Not Heights But Depths…

Ben Schoettel   -  


When I was working on the University of Wisconsin-Madison’s campus I noticed something odd. All the main buildings had multiple lower levels to them when there was plenty of room to building higher. I asked my foreman if he knew the reason. “So that everywhere you go, you can always get a clear shot of the Capitol building. I didn’t believe him at first, but he was right. There is a similar standard in Washington DC as well. The principle is that no buildings overshadow the Capitol. So, if you want to grow, you must go deeper…

In Matthew 5 Jesus describes his faithful followers as salt, light, and a “city on a hill.” The city description is reference to the place where people would go to connect with God. In those days, people would need to journey to the presence of God, and this place was up on a hill for all to see. Jesus is of course no longer referencing a physical temple but is describing his followers as this space that reveals God’s glory. But there is a catch… Jesus’ statement is not praising them; it is challenging them. He does two things here:

First… He reminds them that if they claim the name of Jesus, they cannot hide. People are always seeking goodness, and God is the source, so when we claim the name of God, it is going to draw attention.

Second… He reminds them that God’s glory (light) is not to be hidden or kept for us but is meant to be shared. “People do not light a lamp and put it under a bushel basket; rather, they put it on the lampstand, and it gives light to all in the house. In the same way, let your light shine before others, so that they may see your good works and give glory to your Father in Heaven.” Jesus says here that being salt and light is not for an individual’s status, but for the benefit of the community.

It reminds me of the dispute over who is the greatest between the disciples. Jesus just got done explaining the Lord’s Supper and how he is the new covenant that is poured out for their benefit, and the first thing that is asked is, “Yeah okay, anyways, Jesus, who is your favorite? Can I sit next to you on the throne?” Jesus responds by saying “The kings of the world lord it over them; and those who exercise authority over them call themselves benefactors. But you are not to be like that. Instead, the greatest among you should be like the youngest, and the one who rules like the one who serves… I am among you as one who serves.”

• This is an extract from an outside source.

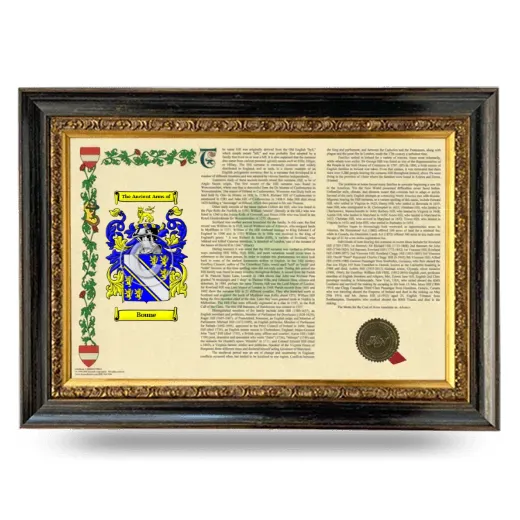 Boune Armorial Landscape Framed - Heirloom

Just like the buildings around the Capitol, we are not to strive to be at the center. We go low. We embody mission. We are not designed to be in the spotlight but are to BE spotlights that point the world to Jesus. The goal of growth is to deepen our love for God which is promised to expand our capacity to love others. When we do that, we provide more space for those around us to experience God’s love while still humbly pointing to the glory to King Jesus.